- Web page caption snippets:
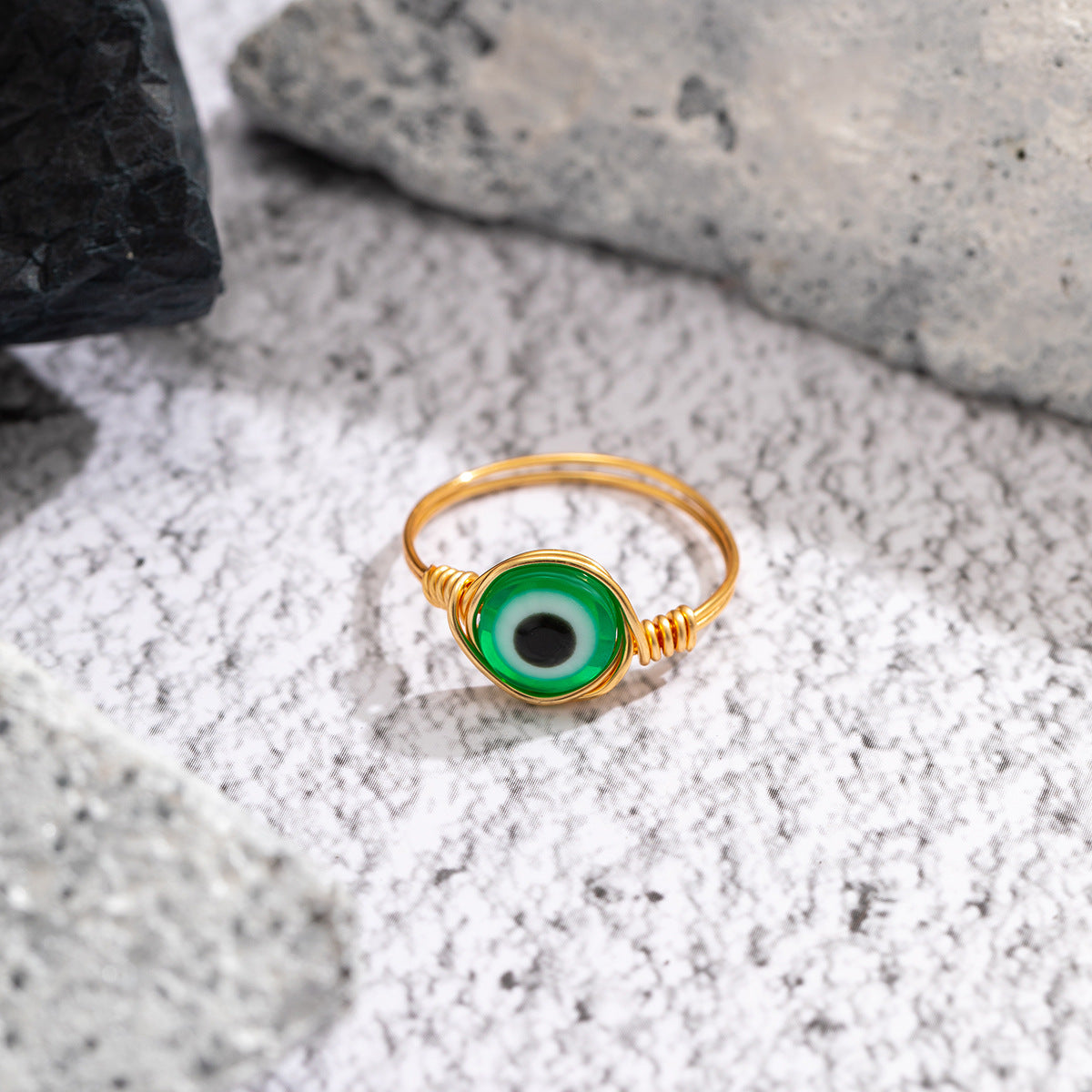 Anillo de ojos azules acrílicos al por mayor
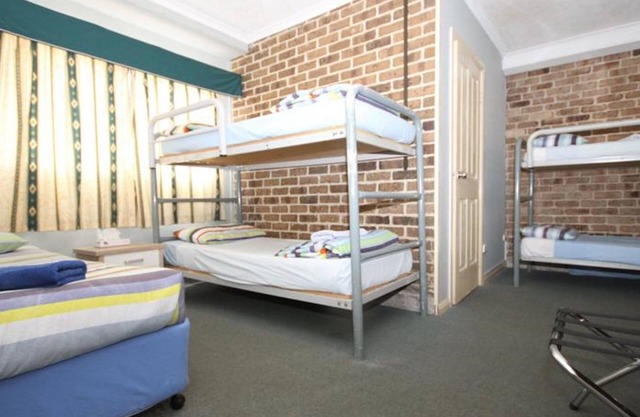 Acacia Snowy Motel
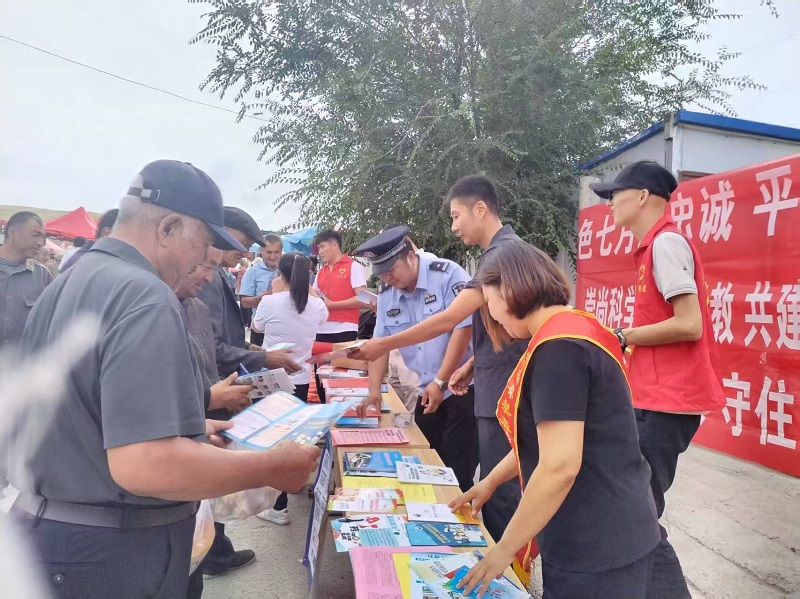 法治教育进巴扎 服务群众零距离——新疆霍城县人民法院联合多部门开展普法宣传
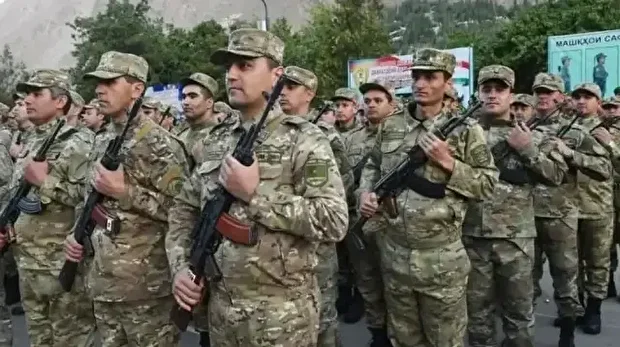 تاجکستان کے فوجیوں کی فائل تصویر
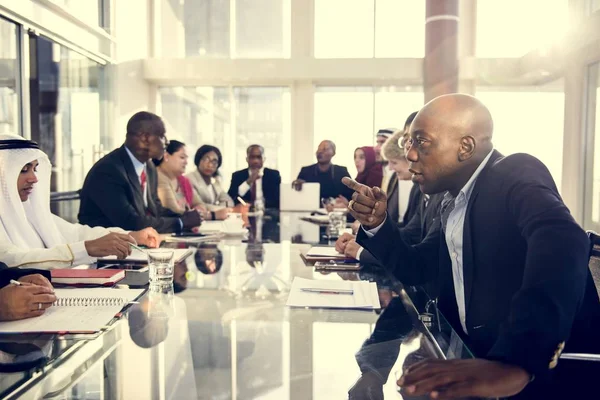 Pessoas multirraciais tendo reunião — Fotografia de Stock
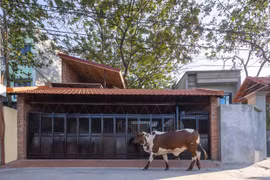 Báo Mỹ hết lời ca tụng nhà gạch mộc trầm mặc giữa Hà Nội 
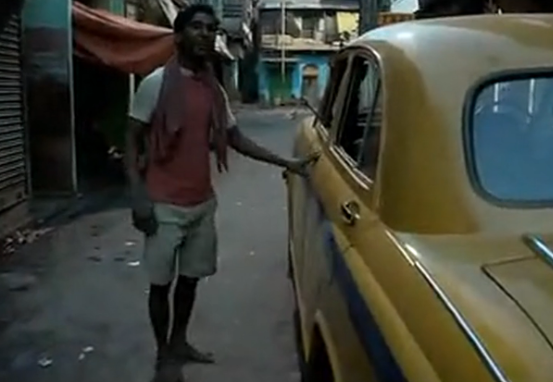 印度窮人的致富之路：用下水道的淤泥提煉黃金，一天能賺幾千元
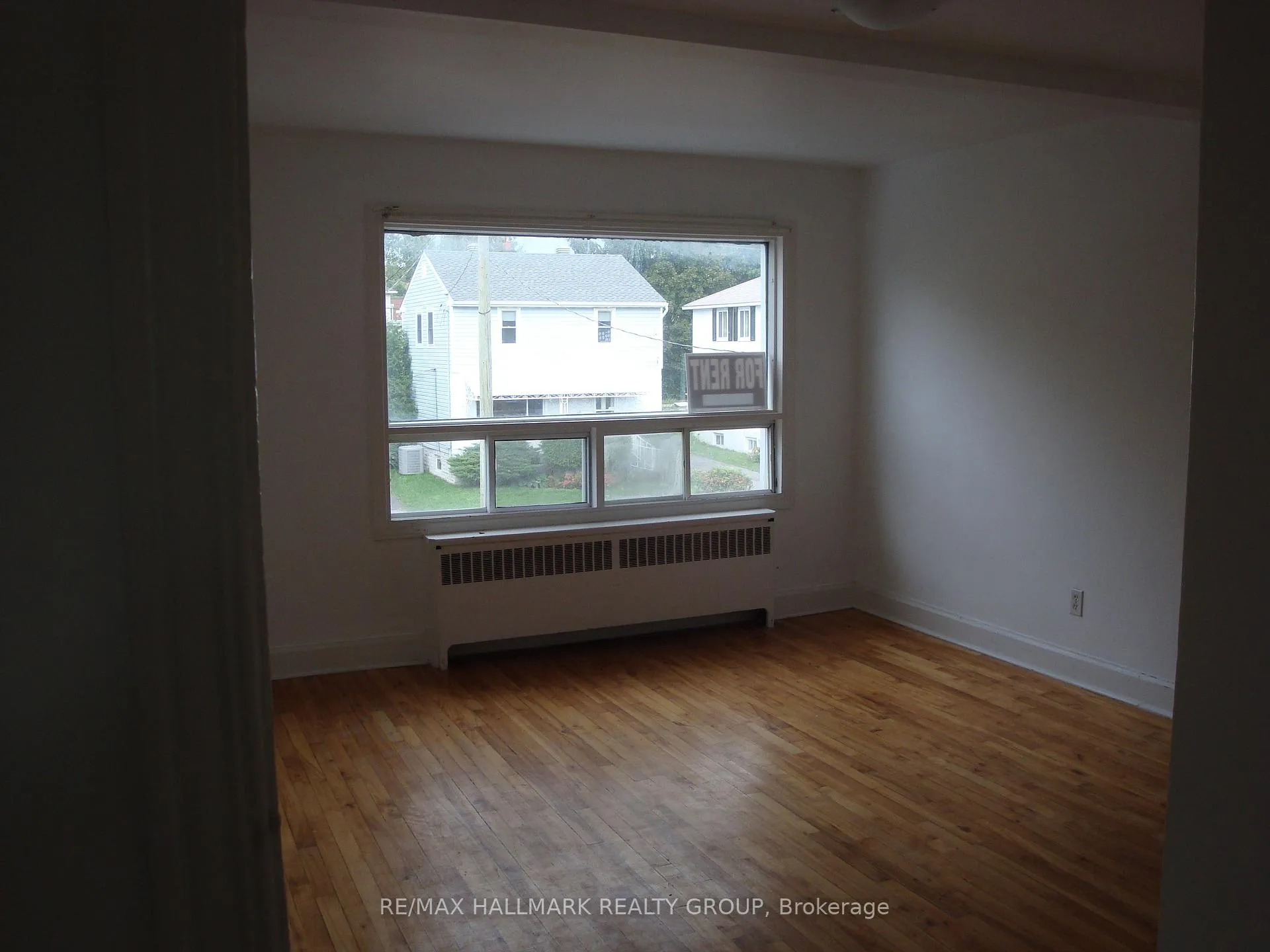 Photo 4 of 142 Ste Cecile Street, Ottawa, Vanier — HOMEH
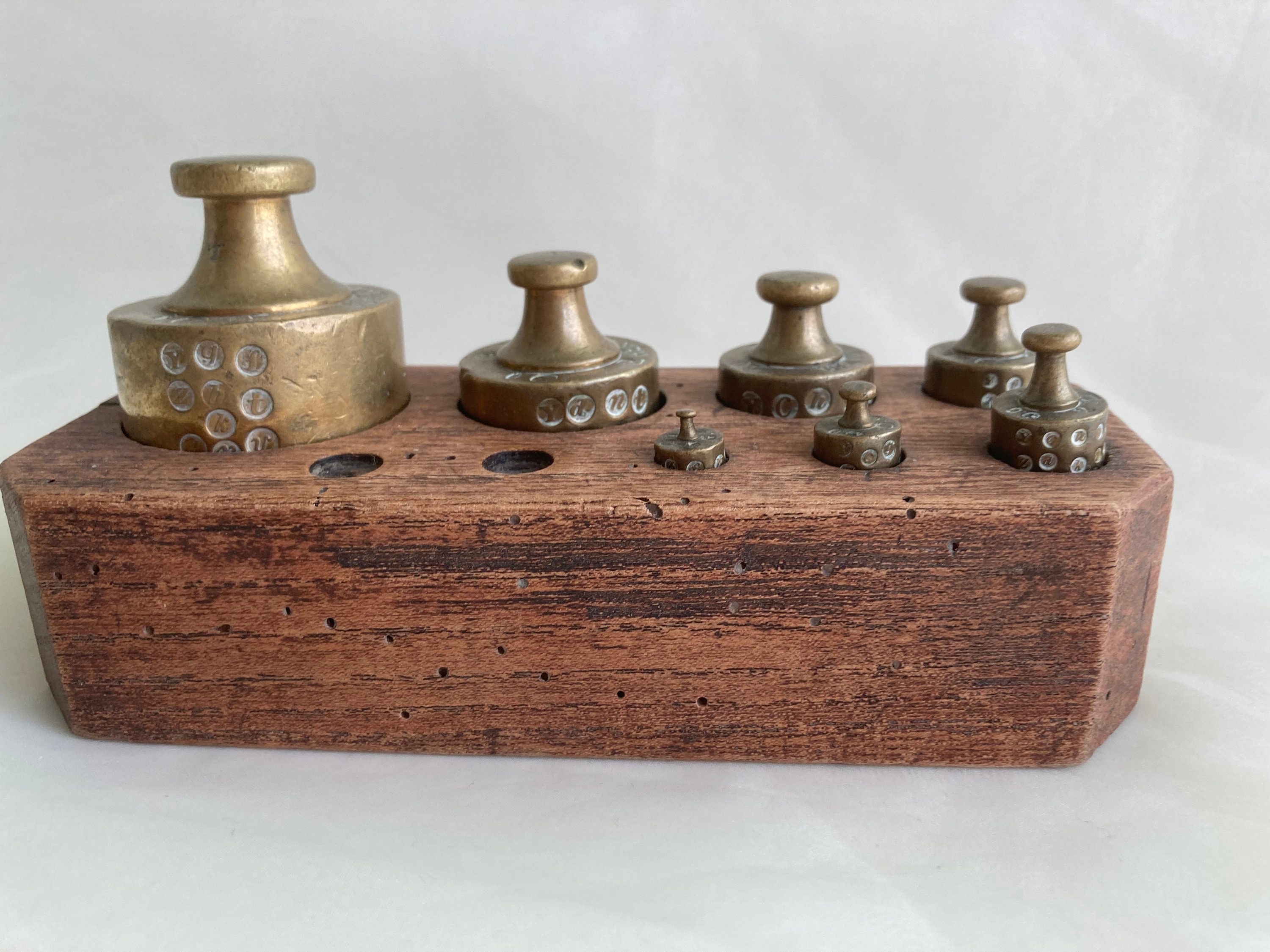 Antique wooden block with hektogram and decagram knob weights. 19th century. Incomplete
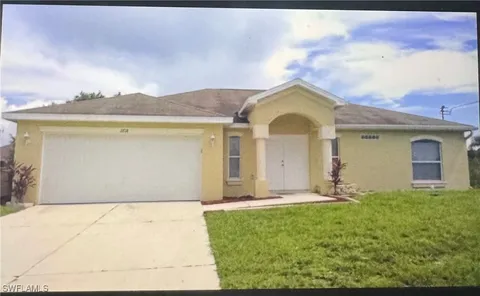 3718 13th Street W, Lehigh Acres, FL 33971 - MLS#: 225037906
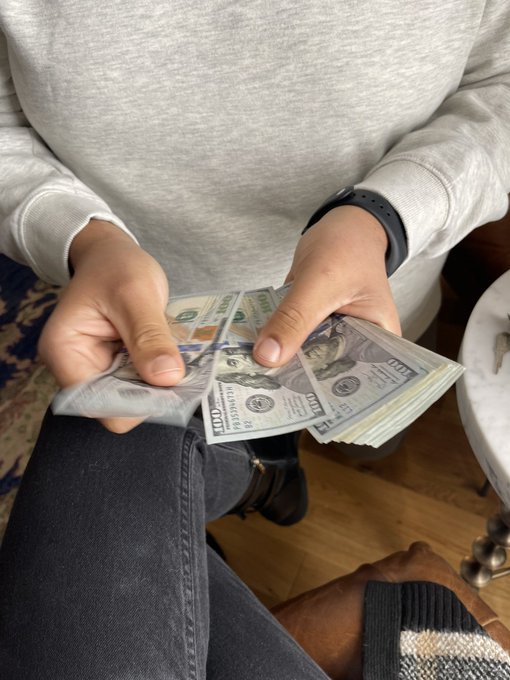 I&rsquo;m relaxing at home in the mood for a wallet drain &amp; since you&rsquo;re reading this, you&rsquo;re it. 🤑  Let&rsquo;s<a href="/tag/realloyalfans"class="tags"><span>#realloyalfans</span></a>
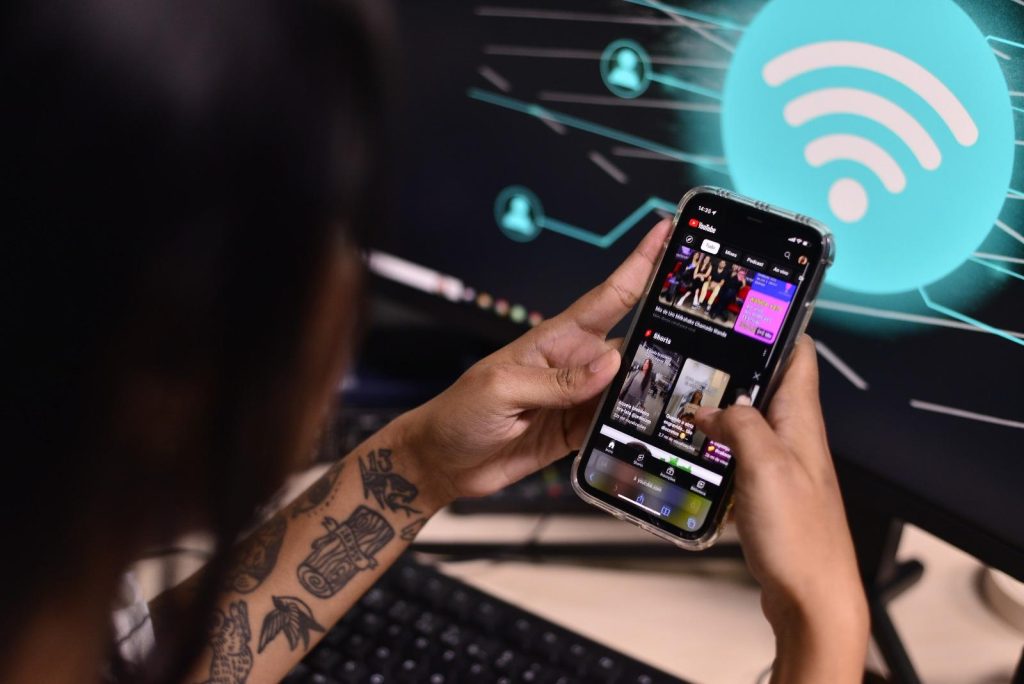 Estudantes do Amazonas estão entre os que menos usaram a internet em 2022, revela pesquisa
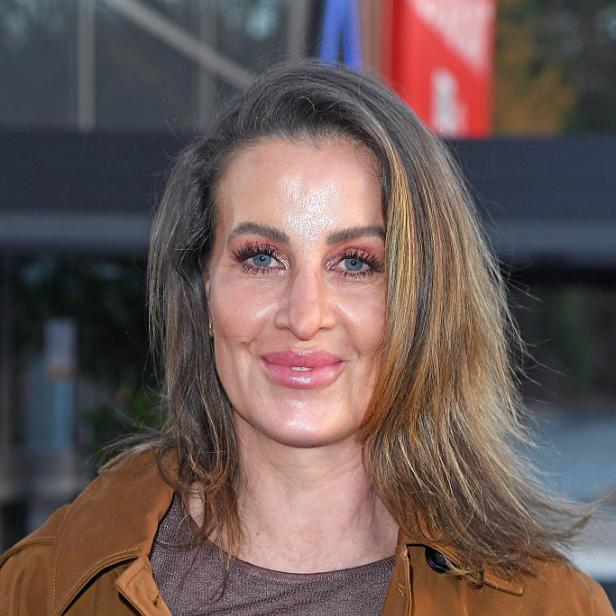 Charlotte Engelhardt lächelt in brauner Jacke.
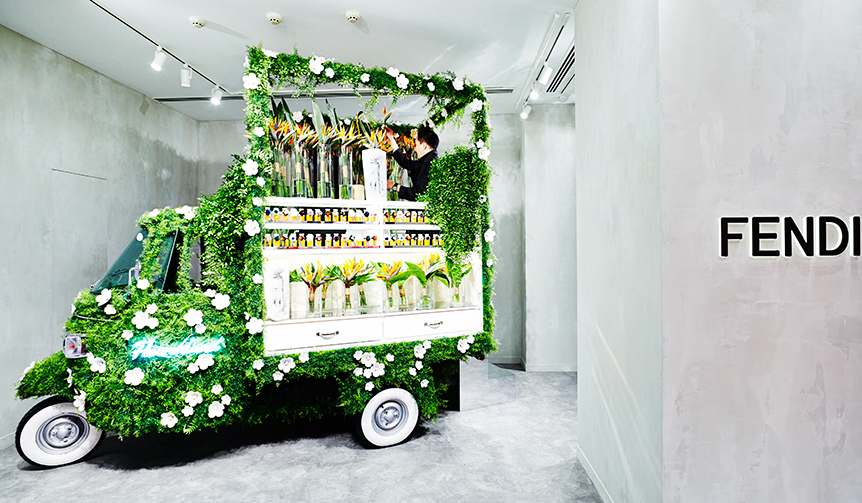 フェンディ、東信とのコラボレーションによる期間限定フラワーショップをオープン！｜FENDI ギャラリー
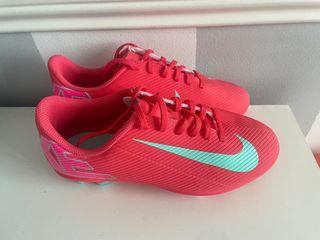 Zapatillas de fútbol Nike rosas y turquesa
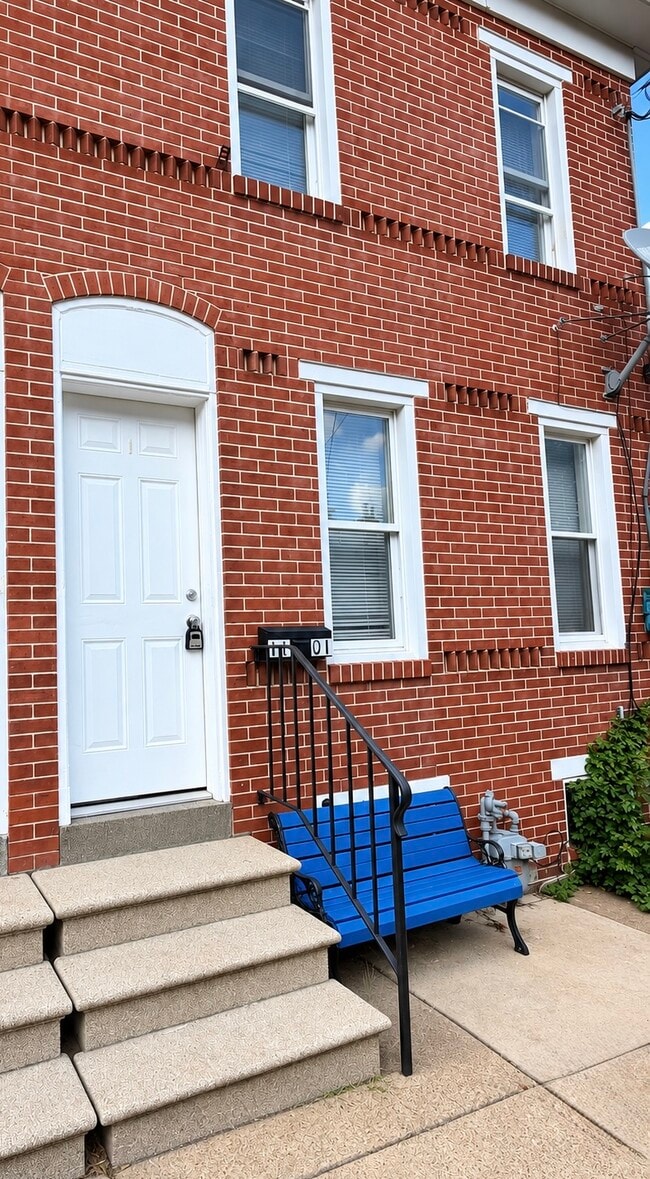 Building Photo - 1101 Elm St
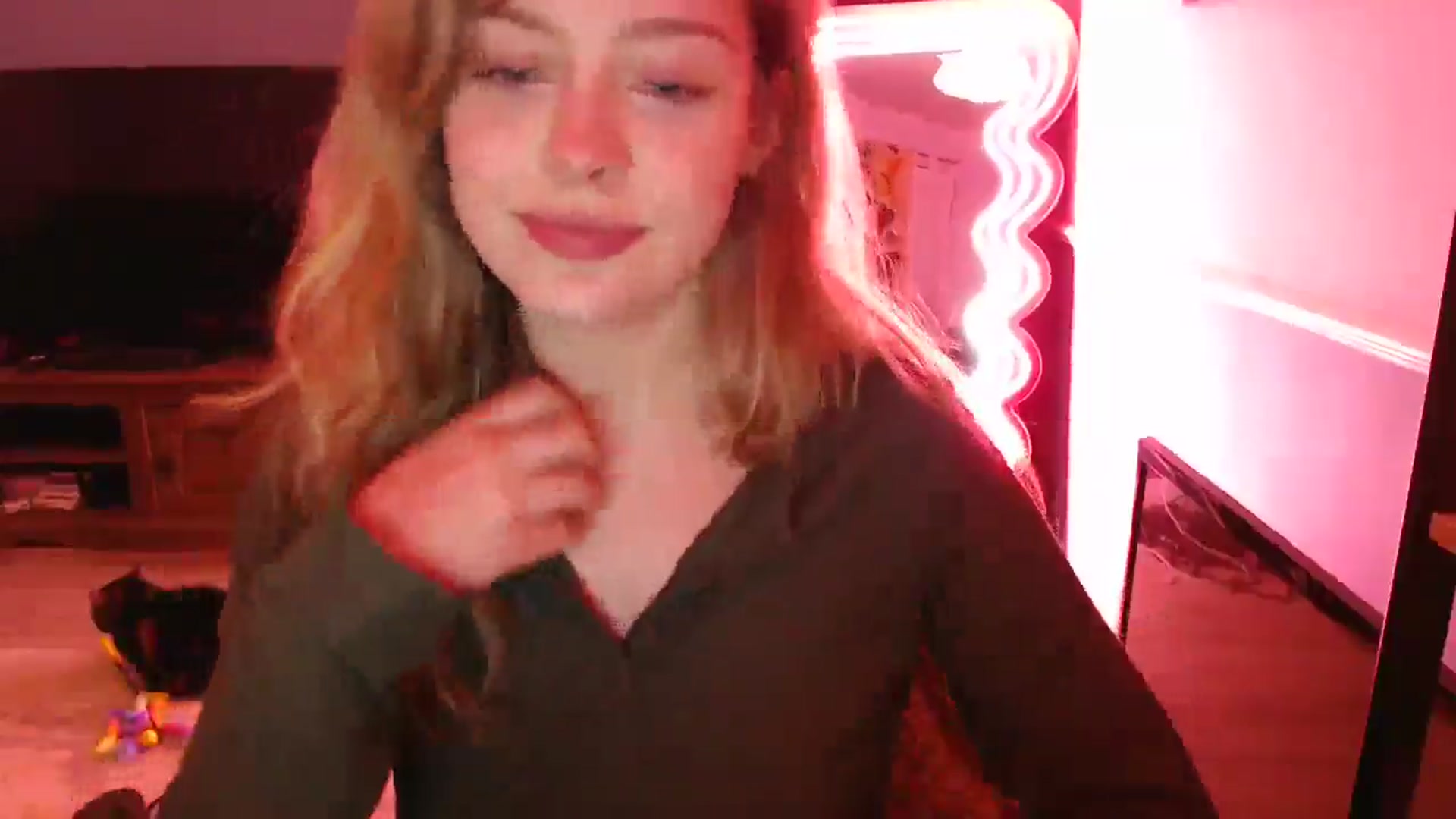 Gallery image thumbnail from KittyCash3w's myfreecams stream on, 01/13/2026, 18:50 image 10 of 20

- WHAT THE TASK ASKS: Quote only the lines that start at the line holding "Zapatillas de fútbol Nike rosas y turquesa" and end at the last line of the entries, including both of those lines, and omit every picture.

- EXERCISE RESPONSE:
 Zapatillas de fútbol Nike rosas y turquesa
 Building Photo - 1101 Elm St
 Gallery image thumbnail from KittyCash3w's myfreecams stream on, 01/13/2026, 18:50 image 10 of 20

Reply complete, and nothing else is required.